Das innenpolitische Patt in der Tschechischen Republik weist gewisse Parallelen zur Nachwahlsituation in Österreich auf. Staatsoberhaupt Vaclav Klaus kommt eine Schlüsselrolle zu.

Allerdings mit einem deutlichen Unterschied: Ex-Premier Klaus, noch immer Ehrenvorsitzender der rechtsliberalen Demokratischen Bürgerpartei (ODS), reizt seine Vollmachten nach Ansicht tschechischer Kommentatoren bis hart an die Grenze der Verfassungsmäßigkeit aus.

Klaus will den ODS-Chef und amtierenden Premier Mirek Topolanek neuerlich mit der Regierungsbildung beauftragen. Und dies, obwohl Topolanek nach den Parlamentswahlen im Juni bereits zwei Mal eine Mehrheit im Prager Abgeordnetenhaus verfehlt hat. Scheitert er auch bei seinem neuen Versuch, gibt es laut Verfassung einen dritten Auftrag zur Regierungsbildung. Misslingt auch dieser, kann Klaus das Parlament auflösen. Neuwahlen innerhalb von 60 Tagen wären die Folge.

Bohumil Dolezal, einer der angesehensten tschechischen Politologen, schreibt dazu in der Prager Tageszeitung „Mlada fronta Dnes“ (Dienstag-Ausgabe), der neue Auftrag an Topolanek scheine ein einziges Ziel zu haben: Jiri Paroubek, den Chef der Sozialdemokraten (CSSD), an einer Regierungsbildung zu hindern. Klaus hat mehrfach vor der Absicht Paroubeks gewarnt, ein Minderheitskabinett mit Duldung durch die (orthodoxen) Kommunisten (KSCM) zu bilden. Für eine Mehrheit bräuchte Paroubek aber zumindest einen Überläufer aus dem bürgerlichen Lager (ODS, Christdemokratische Volkspartei, Grüne). Bürgerliche und Linke (CSSD, KSCM) stehen einander im Abgeordnetenhaus mit jeweils hundert Mandaten gegenüber. Laut Dolezal sei Paroubek seinem Ziel einer Mehrheit mit Hilfe von Überläufern schon sehr nahe.

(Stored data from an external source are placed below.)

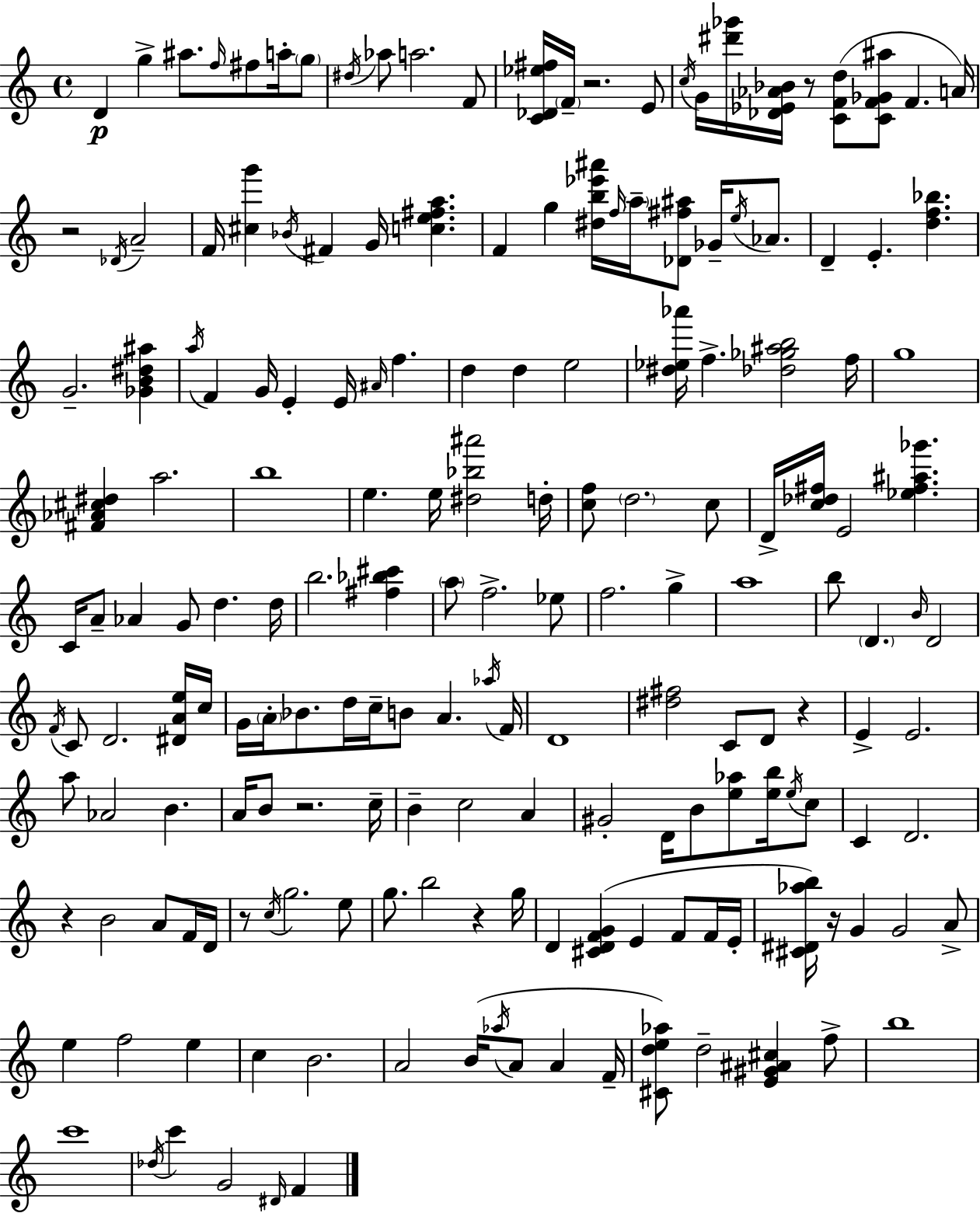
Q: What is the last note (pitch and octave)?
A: F4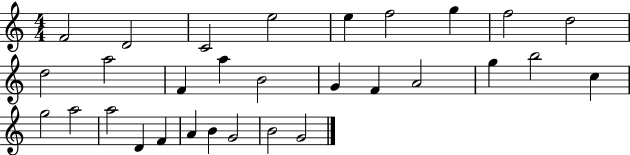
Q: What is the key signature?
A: C major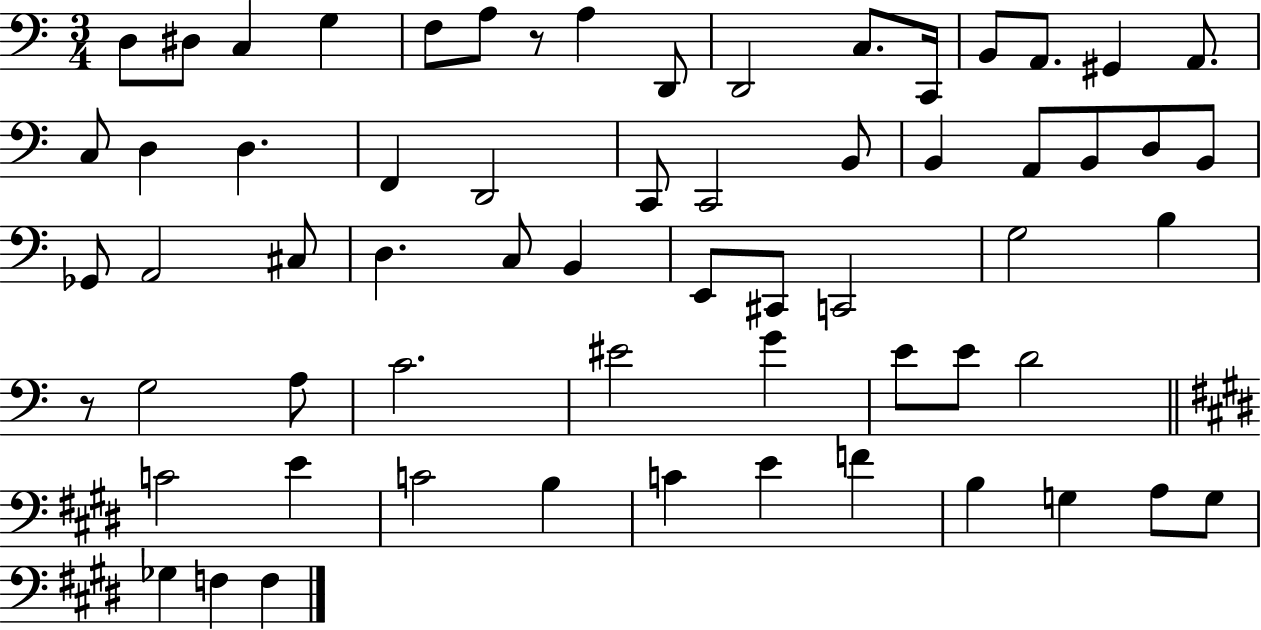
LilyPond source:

{
  \clef bass
  \numericTimeSignature
  \time 3/4
  \key c \major
  d8 dis8 c4 g4 | f8 a8 r8 a4 d,8 | d,2 c8. c,16 | b,8 a,8. gis,4 a,8. | \break c8 d4 d4. | f,4 d,2 | c,8 c,2 b,8 | b,4 a,8 b,8 d8 b,8 | \break ges,8 a,2 cis8 | d4. c8 b,4 | e,8 cis,8 c,2 | g2 b4 | \break r8 g2 a8 | c'2. | eis'2 g'4 | e'8 e'8 d'2 | \break \bar "||" \break \key e \major c'2 e'4 | c'2 b4 | c'4 e'4 f'4 | b4 g4 a8 g8 | \break ges4 f4 f4 | \bar "|."
}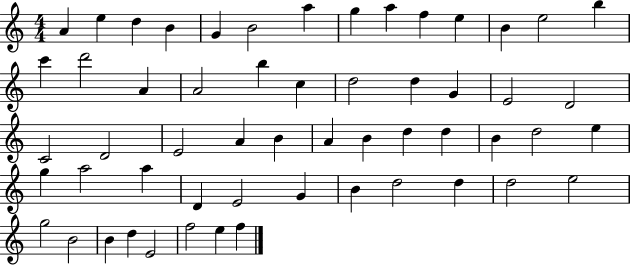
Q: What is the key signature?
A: C major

Gleichzeitig aber versucht die ODS offensichtlich ihrerseits, die Unterstützung der Kommunisten für Neuwahlen zu gewinnen. Käme es tatsächlich zu solcherart herbeigeführten vorzeitigen Wahlen, würde die ODS dafür bitter bezahlen, schreibt der Analytiker Marian Kiss in der Prager Wirtschaftszeitung „Hospodarske noviny“ (Dienstag-Ausgabe). Topolanek habe versuchsweise bereits eine mögliche Erklärung für eine solche Allianz geliefert, indem er zu Medienvertretern sagte, dies wäre kein Bündnis, sondern ein „technischer“ Schritt.

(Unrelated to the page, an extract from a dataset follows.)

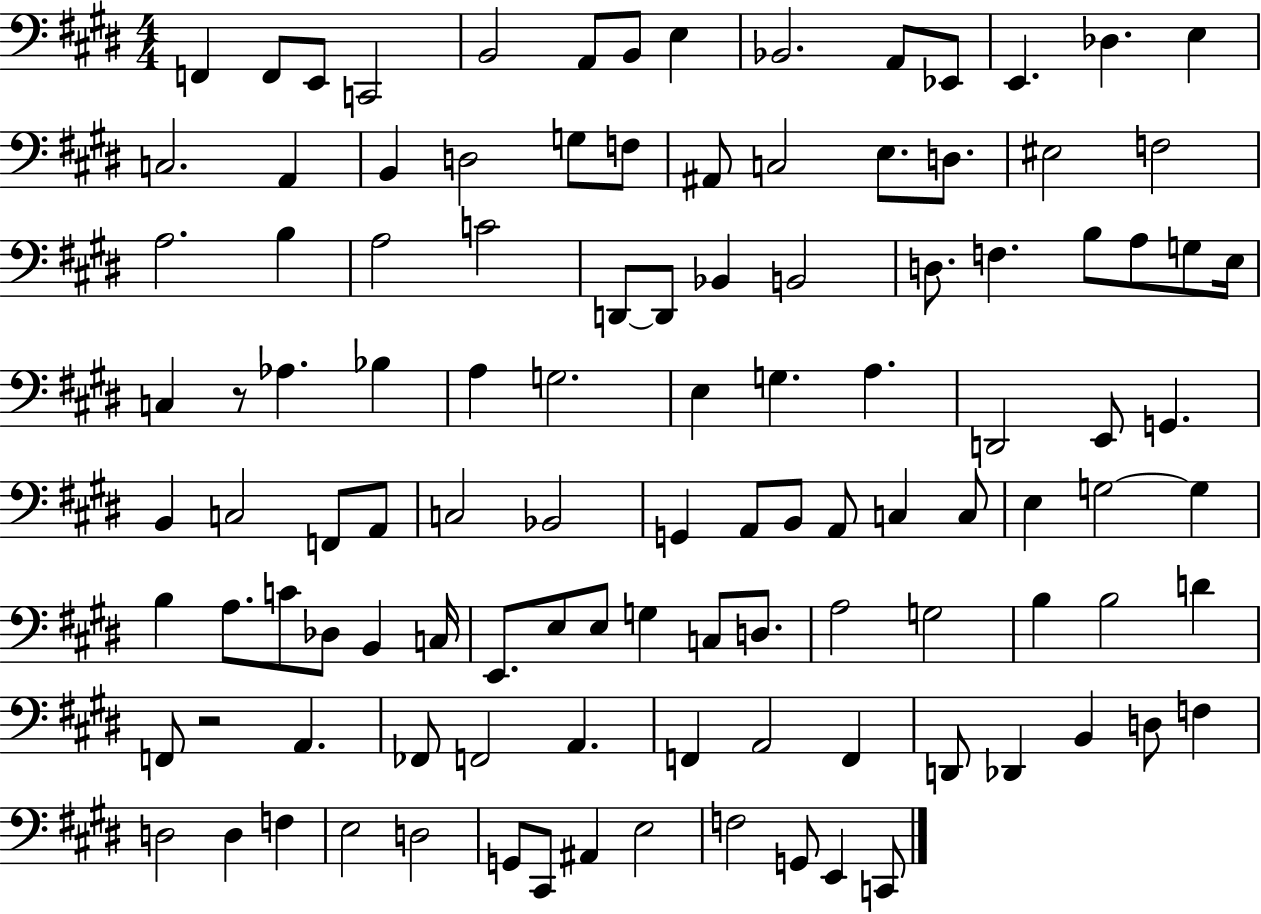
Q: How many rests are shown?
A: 2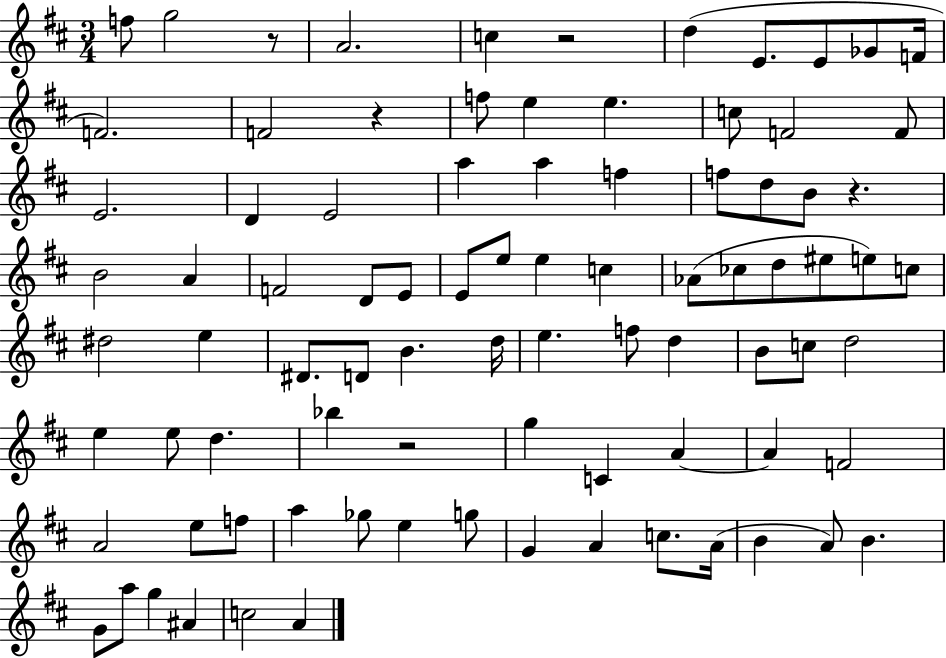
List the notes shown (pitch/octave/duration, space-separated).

F5/e G5/h R/e A4/h. C5/q R/h D5/q E4/e. E4/e Gb4/e F4/s F4/h. F4/h R/q F5/e E5/q E5/q. C5/e F4/h F4/e E4/h. D4/q E4/h A5/q A5/q F5/q F5/e D5/e B4/e R/q. B4/h A4/q F4/h D4/e E4/e E4/e E5/e E5/q C5/q Ab4/e CES5/e D5/e EIS5/e E5/e C5/e D#5/h E5/q D#4/e. D4/e B4/q. D5/s E5/q. F5/e D5/q B4/e C5/e D5/h E5/q E5/e D5/q. Bb5/q R/h G5/q C4/q A4/q A4/q F4/h A4/h E5/e F5/e A5/q Gb5/e E5/q G5/e G4/q A4/q C5/e. A4/s B4/q A4/e B4/q. G4/e A5/e G5/q A#4/q C5/h A4/q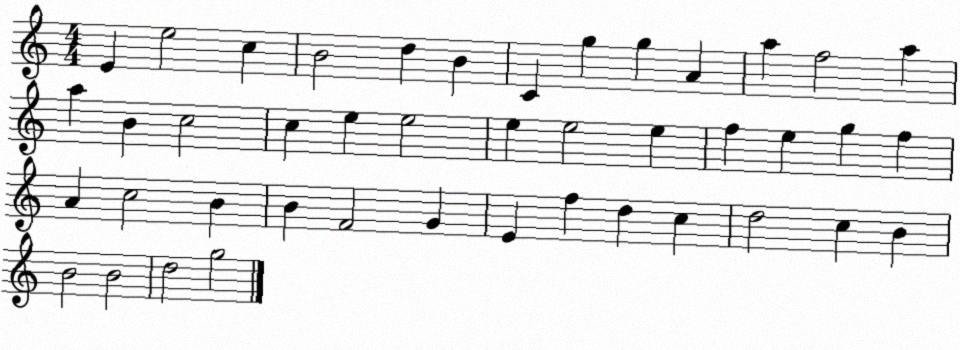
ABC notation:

Kiss erinnert daran, dass Klaus, der so vehement vor der kommunistischen Gefahr warnt, Anfang 2003 auch mit den Stimmen von KSCM-Abgeordneten zum Präsidenten (als Nachfolger von Vaclav Havel) gewählt worden sei. Damit habe die ODS entscheidend dazu beigetragen, dass die Kommunisten wieder hoffähig geworden seien. Der Analytiker sieht denn auch eine Doppelstrategie der ODS gegenüber der KSCM: einerseits versuche man sie als Alliierten zu gewinnen (Beispiele Präsidentenwahl, vorzeitige Neuwahlen), andererseits wolle man die Wähler mit Angst vor der Linken mobilisieren. Ähnlich argumentiert auch Dolezal.

Hinter Klaus’ Vorgangsweise könnte allerdings auch die Absicht stehen, die Sozialdemokraten für eine große Koalition mit der ODS „weichzuklopfen“. Der angekündigte neuerliche Auftrag an Topolanek könne als letzter Versuch in diese Richtung angesehen werden, schreibt Jiri Hanak in der Prager Tageszeitung „Pravo“ (Dienstag-Ausgabe). Wolle man den jüngsten Schritt des Staatsoberhauptes nicht als den eines politischen Verlierers interpretieren, könne es sich nur um den Ruf nach einer großen Koalition handeln. Abgesehen davon spricht der Kommentator des linksgerichteten Blattes aber schon jetzt von einem „präzedenzlosen Versagen von Klaus als Präsident“.

Dies könnte sich als voreilige Diagnose erweisen. Denn Sozialdemokraten-Chef Paroubek erklärte als Reaktion auf Klaus’ jüngsten Schritt, er sei bereit, mit der ODS selbst um den Preis programmatischer und personeller Konzessionen zu verhandeln. Wie weit diese im Ernstfall gehen würden, bleibt zunächst offen. Bisher ist eine Annäherung zwischen den beiden großen Parteien vor allem an der tiefen wechselseitigen Antipathie ihrer Chefs gescheitert – auch hier eine unübersehbare Parallele zu Österreich.